In Oklahoma and other states, duress during estate planning occurs when someone forces an individual to decide while threatening them with harm, violence or imprisonment. Undue influence happens when a person deciding receives pressure through unfair persuasion from someone who has power or authority over them. From a legal standpoint, these two concepts have several other differences, as follows.
Type of pressure
In duress, coercion usually involves physical or emotional behaviors such as threats, blackmail or violence. For example, in an estate litigation claim, an individual might have forced another person to sign a will against their wishes by using serious, threatening behaviors.
Undue influence often uses psychological manipulation, including flattery, isolation, domination or deception. Undue influence can happen when a caretaker controls an elderly adult’s daily activities while shutting out family members. The caretaker may dominate the will of the elderly person and use it as an unfair advantage.
Timing of behavior
Duress usually happens when a decision is being made, like when an individual is signing an estate planning document or giving a gift. Undue influence, however, is often a long process that may involve building a relationship of intimacy and trust over time.
Emotional or physical capacity
In duress, a person might feel fear or anxiety due to threatening behaviors, impairing their ability to decide. Undue influence usually exploits some weakness in an individual, such as illness, age or disability.
If duress takes place, it can invalidate a decision because the person did not decide voluntarily.

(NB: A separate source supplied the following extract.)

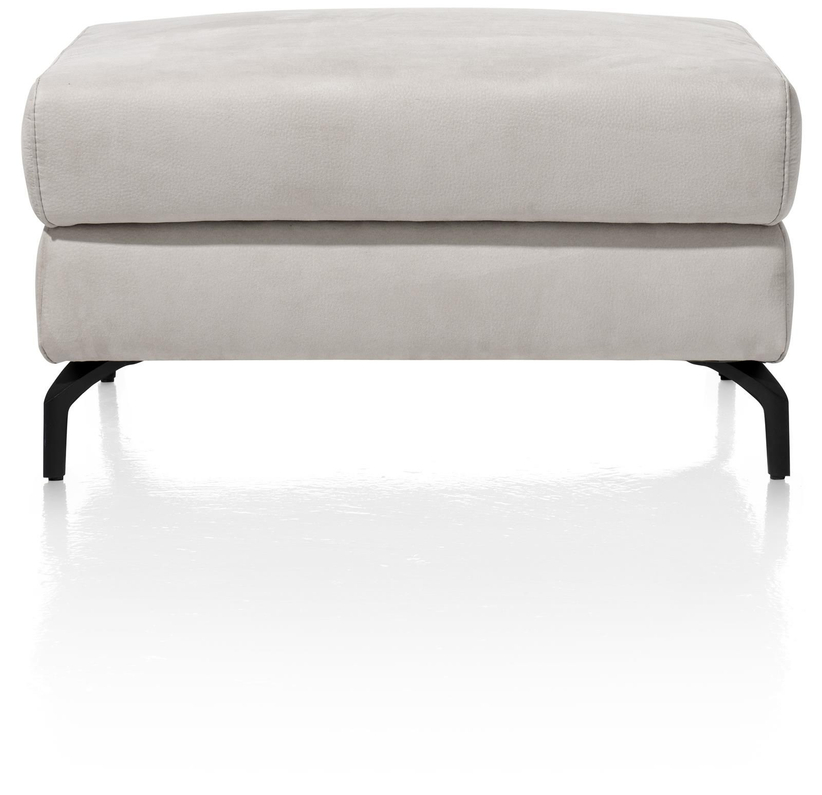 Henders & Hazel Poef Tycan Big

In undue influence, a decision could become invalid because the person making it did not have sufficient knowledge or consent.
The burden of proof
If a person challenges a decision legally, the party alleging duress must show that it took place while they were making the decision. Similarly, an individual alleging undue influence has the burden of proof to show that the undue influence was exerted over time and resulted in them making a wrong or unfair decision.
Awareness of duress and undue influence tactics can protect you and vulnerable family members from exploitative relatives and other untrustworthy individuals.